No new Galaxy Note in 2021 will be a big break with convention for the South Korean giant. Samsung has had a fabled history of launching multiple high-end phones every year for a while now—and the Note has often been regarded as the pinnacle (of that strategy) with a big price tag to match. Though, over the last year or so, Samsung has been moving these advancements to an all-new category of foldable devices like the Galaxy Fold and Galaxy Flip.
“Note series is positioned as a high-end model in our business portfolio,” Koh said during the brand’s annual shareholders meeting in Seoul (via Bloomeberg). “It could be a burden to unveil two flagship models in a year so it might be difficult to release Note model in 2H.”
Speculations that Samsung might axe the Note-series entirely have been going around for some time. Those speculations reached an all-time high earlier in the year when it launched the Galaxy S21 Ultra with S-pen support. To be clear, Samsung has not confirmed or denied those speculations and by the looks of it, that “strategy” stays put even today.
“The timing of Note model launch can be changed but we seek to release a Note model next year,” Koh said confirming that the Galaxy Note series will live on once Samsung braves this—chip shortage—storm. It is of course very early to foresee its future, but there is a very high possibility that Samsung might fuse the Fold and Note into something more interesting—and exciting—because in the current form, all its Note phones end up looking like another iteration of the Galaxy S with a bundled stylus even as the Galaxy Fold holds the forte for technological innovation—something the Note did back in the day.

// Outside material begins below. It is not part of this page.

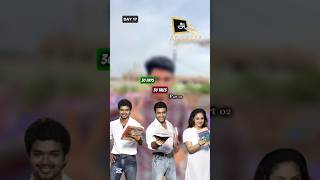 Surya🔥 #surya #agaramfoundation #education #growth #growing #basiceducation #studies #doctor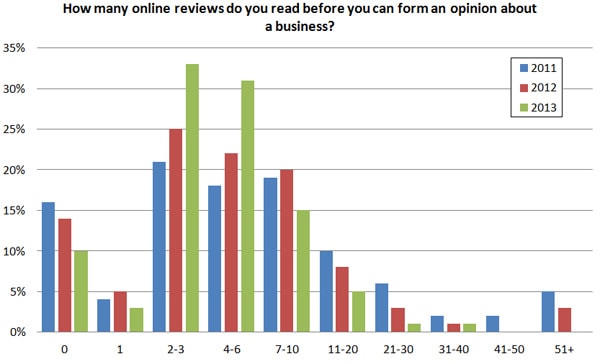 [Enquête] Local Search : 85% des consommateurs lisent les critiques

Coming back to the semiconductor problem, Samsung was perhaps the only major tech brand that did not seem to have an issue last year—even early this year—when it came to high-profile product launches. All its headlining phones were right on schedule. While Apple, for instance, was late with its iPhone 12 line-up. The world’s largest smartphone maker is also not immune to this global crisis though, which is apparent from Koh’s words.
“Despite the difficult environment, our business leaders are meeting partners overseas to solve these problems. It’s hard to say the shortage issue has been solved 100%.”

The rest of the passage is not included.